Should Elevated Imatinib Doses Become Standard Therapy?

“The second generation inhibitors are already standard therapy for CML,” said Dr Cortes. “In my opinion, higher-dose imatinib deserves further consideration in this setting, particularly considering the imminent introduction of generic imatinib.”

He said that it is also important to mention that at least one randomized trial, from the German cooperative group, has also suggested superiority of higher doses of imatinib. That study assessed 1524 patients for 5-year overall and progression-free survival, and found that molecular response is a predictor of long-term outcomes and that it is achieved faster in patients who were treated with optimized high-dose imatinib than standard dose.2

“It is also worth noting that higher-doses of imatinib are associated with somewhat more toxicity, and careful management of adverse events, including judicious dose adjustments, are necessary,” said Dr Cortes. “Fortunately, imatinib, even at higher doses, appears not to be associated with the increased risk of arterio-thrombotic events seen with other inhibitors.”  

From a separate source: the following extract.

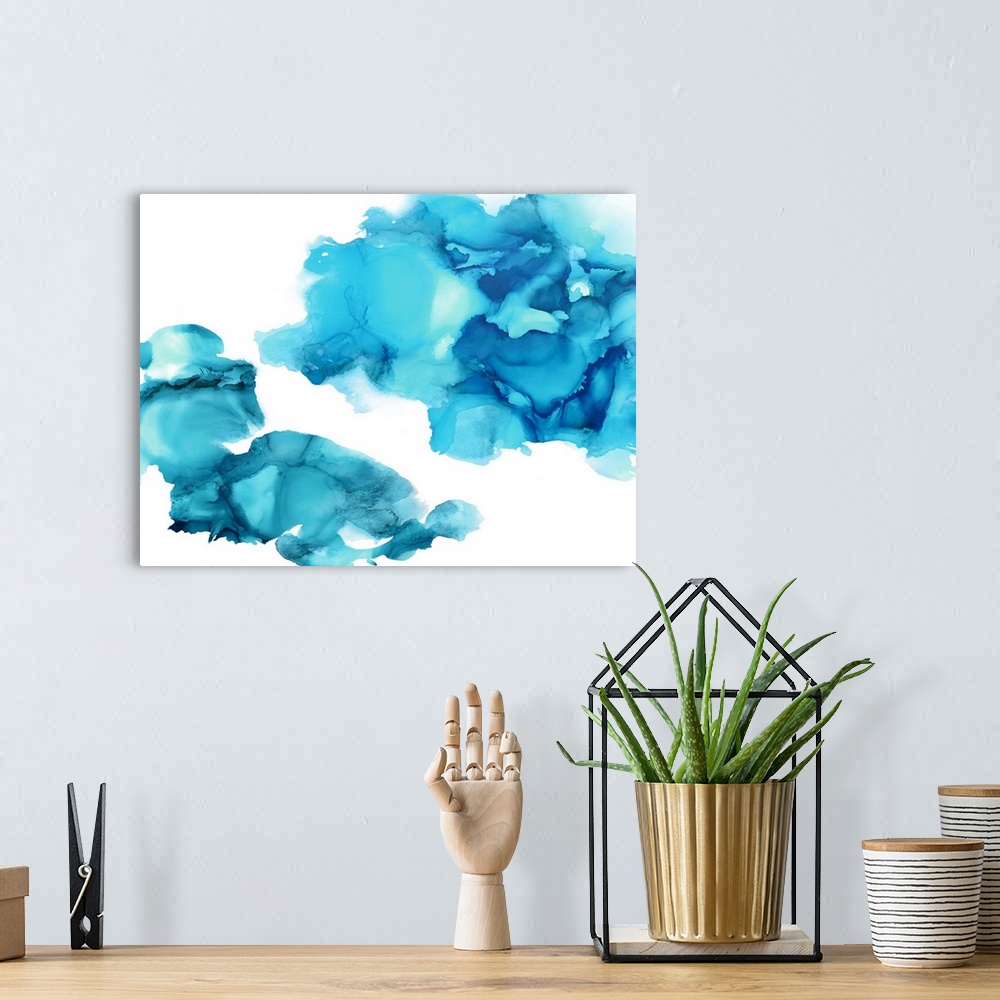 A bohemian room featuring Abstract painting with aqua hues splattered together on a white background.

He explained that this is because most adverse events are a loss of cytogenetic response to treatment. “Recognizing this promptly and acting on it, and with the availability of multiple treatment options, most patients can still enjoy long-term survival,” he said.

His takeaway message was that patients need to be monitored properly, frequently, and adequately. Interpretation of the results is critical so that changes in strategy can be implemented at the proper time.

Lack of Large Randomized Trials of Tyrosine Kinase Inhibitors

Dr Cortes said that although this is not a randomized study, because all studies were conducted at the same institution, with similar design, with the same follow-up criteria, with all response assessments done the same way, lends it more credibility.

Dr Cortes said it that it is unfortunate that large randomized trials are difficult to conduct now because of the difficulty in obtaining funds for them and because most patients are not referred to clinical trials. Ideally, he would like to see these treatment options compared head-to-head.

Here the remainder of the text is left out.